The new duty to promote the success of the company (and not that of a third party) requires consideration. This duty is:
“A director of a company must act in the way he considers, in good faith, would be most likely to promote the success of the company for the benefit of its members as a whole.”
In performing the duty to promote the success of the company, directors should now have regard to the following factors:
- likely long term consequences of decision
- interests of employees
- need to foster business relationships with suppliers, customers and others
- impact of the company’s operation on the community and the environment
- company’s reputation for high standards of business conduct
- need to act fairly between members of the company
This is the new concept of “enlightened shareholder value”, where success for a commercial company will mean “long-term increase in value”. The duty to promote success replaces the common law duty of directors to act in good faith in the best interests of company as a whole.
Is this duty to promote the company’s success and the concept of “enlightened shareholder value” relevant to charitable guarantee companies with no shareholders, but only non-owning members?
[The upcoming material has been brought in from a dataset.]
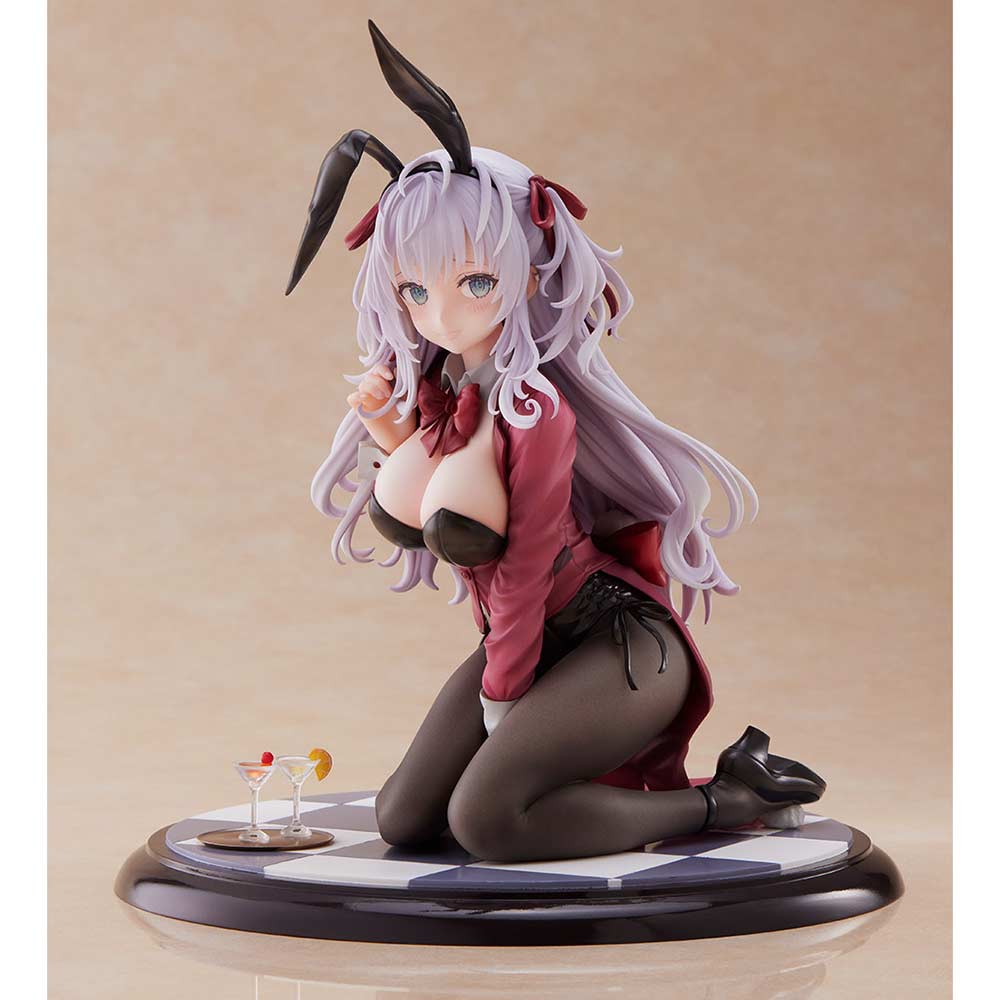 (PO) momoco Art Book arietta Bunny-Chan Image_2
Section 172(2) of the Act states:
“Where the purposes of company consist of or include purposes other than the benefit of its members, it has effect as if the reference to promoting the success of the company for the benefit of its members were to achieving those purposes.”
So the success of a charitable company can be measured in broader terms than financial profit and assessed with reference to the achievement of its charitable purposes. But how is that success to be measured? There is no guidance within the Act on how to weigh up and assess the different factors listed in the Act, and no enforcement mechanism beyond the company members holding the directors accountable.
Government guidance says decisions are for the directors’ “good faith judgement” – it is not sufficient to pay lip service to factors, positive action may be needed to comply. The duty to exercise reasonable care, skill and diligence still applies.
The boards of charitable companies should now assess and review the outcomes of their decisions in the context of the above factors as well as the furtherance of the charity's objects.